Also, though based in pure chauvinistic (over zealous patriotism – nothing to do with women) fantasy , I can’t bring myself to believe folks in MA would fall for such crap.
Brooklyn Bridge,
“I’m simply saying we should try and find out what her positions really are and cynicism is warranted with her just as with other potential candidates.”
Are you sure you don’t mean that skepticism is warranted?

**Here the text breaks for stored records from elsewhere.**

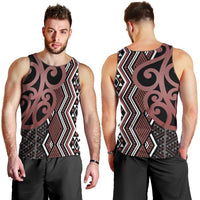 Maori Taniko Patterns Men Tank Top Brown Patiki Motifs Mix Whakairo Ngaru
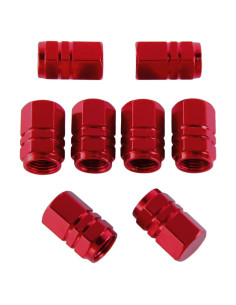 Tapas de Válvula de Neumático EBOOT 8 Piezas Hexagonales Rojas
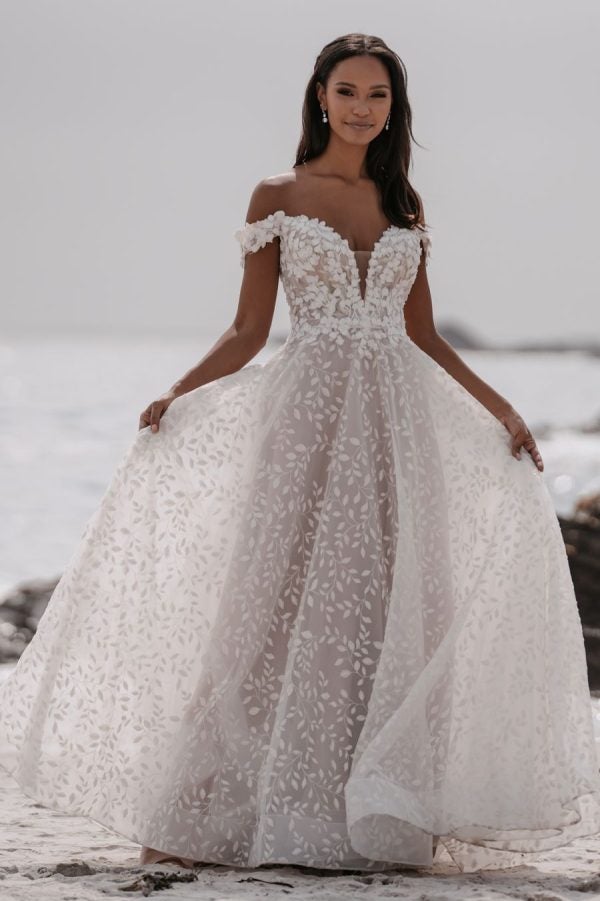 Off-shoulder Ballgown Wedding Dress With Vine And Petal Appliqué by Allure Bridals - Image 1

It’s difficult for Warren to talk about her positions on different issues at the moment because of this faux scandal that Brown and his supporters have got some of the media whipped into a frenzy over. It’s all a diversion. It’s a right-wing strategy to keep the press/media from asking Brown questions about his position on different issues and about his voting record in the Senate.
*****
You can always visit a candidate’s website to find out where he/she stands on the issues. I found the following position statements on Iran at Warren’s and Brown’s websites.
WARREN
Iran
Iran is a significant threat to the United States and our allies. Iran is pursuing nuclear weapons, it is an active state sponsor of terrorism, and its leaders have consistently challenged Israel’s right to exist. Iran’s pursuit of nuclear weapons is unacceptable because a nuclear Iran would be a threat to the United States, our allies, the region, and the world. The United States must take the necessary steps to prevent Iran from acquiring a nuclear weapon. I support strong sanctions against Iran and believe that the United States must also continue to take a leadership role in pushing other countries to implement strong sanctions as well. Iran must not have an escape hatch.
BROWN
Iran
I support the bi-partisan Iran sanctions bill and believe that until Ahmadinejad gives up his nuclear ambitions he should be isolated from the rest of the world. With its reckless pursuit of nuclear weapons, Iran represents the biggest threat to Israel. Ahmadinejad is a Holocaust denier who has threatened to wipe Israel off the map. Meeting with him confers legitimacy when the only correct response is to treat him as an outcast. A personal meeting with Ahmadinejad, as suggested by my opponent, would embolden him and be used as a propaganda tool to strengthen his position.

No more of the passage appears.